Mixes are taboo at Kelly’s Bake Shop – everything is made from scratch, even fillings, and these homespun recipes have been refined for uniformity.

Aaron Elliott was just a boy when his parents, Parker and Verna Elliott, bought the shop 27 years ago, which was established by Miriam and Judson Kelly in 1962. Elliott loved to roam around the bakery, with its tempting aromas and tasty treats. Ten years ago he bought the bakery from his parents, and now he and wife Angela run it. And, just like his boyhood days spent in the sweet-smelling shop, his son Parker, who is three, plays there too.

In 1996, the bake shop burned to the ground, but was re-built to its original size of 2,500 square feet, although another story has now been added.

During its peak season, Kelly’s has upwards of 13 employees, including students, and longtime employee Sylvia Rossiter, who has been with the bakery for 26 years.

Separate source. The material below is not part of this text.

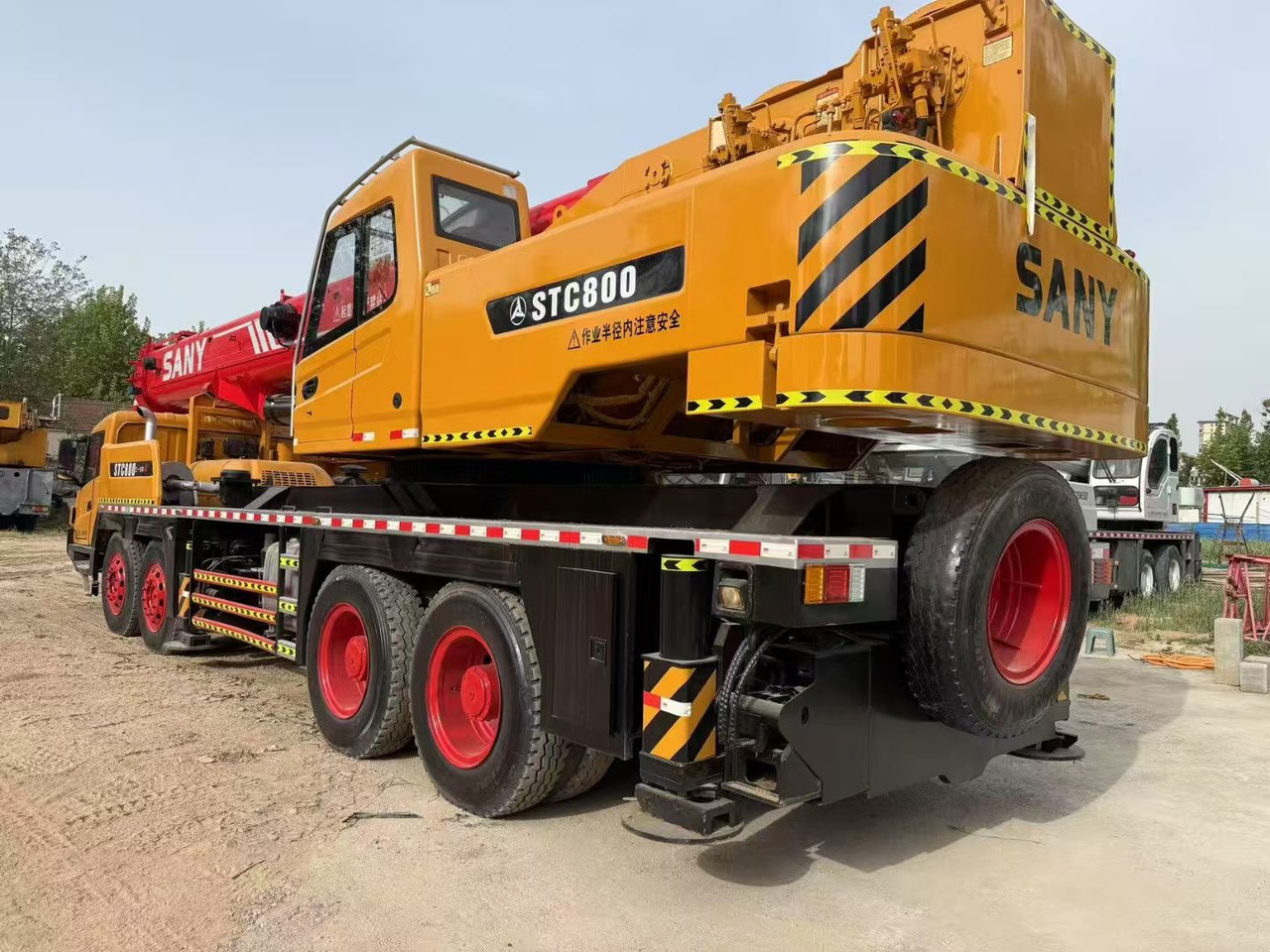 SANY STC800 STC800E STC800T STC80T5 STC800H STC750 75 ton 80ton truck crane - Mobiele kraan: afbeelding 3 SANY STC800 STC800E STC800T STC80T5 STC800H STC750 75 ton 80ton truck crane - Mobiele kraan: afbeelding 3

“Sylvia is kind of the icon,” says Elliott. “She supervises the whole operation.”

Open just six months of the year, Kelly’s make the most of visiting tourists, and is open from 7:00 a.m. to 8:00 p.m, with baking beginning at 5:30 a.m.

“From the July 1st weekend right up to Labour Day weekend is pretty well straight out,” Elliott says. “We just work the tourism season and that’s it.”

Part of the baking is now mechanized with a divider/rounder, but otherwise traditional methods prevail. The kitchen is equipped with five deck ovens, one double and five straight backs – and all are fired by propane.

“We use propane ovens instead of the convection style,” Elliott explains, “because you don’t get as much browning in a convection oven as you do in a standard deck oven. It’s slower, but you get nicer colour. A propane deck oven is about as close as you can get to something cooked in an old wood stove without actually cooking in an old wood stove. It tastes better.”

However, it certainly isn’t cheap.

“… as gas prices go up, so does the propane. Our price of propane has definitely sky-rocketed, the same as fuel costs,” says Elliott.

All supplies are purchased from a wholesaler in Saint John, and the bakery’s flour comes from Halifax.

With its red gingham curtains, well-scrubbed whitewash, friendly service and old-style baking, Kelly’s Bake Shop does its best to be a memorable Maritime experience.

“We like to think that we give people a different experience down here than you would get at your larger bakeries in the cities,” says Elliott with a warm smile. “It’s kind of like an old ma and pa store.”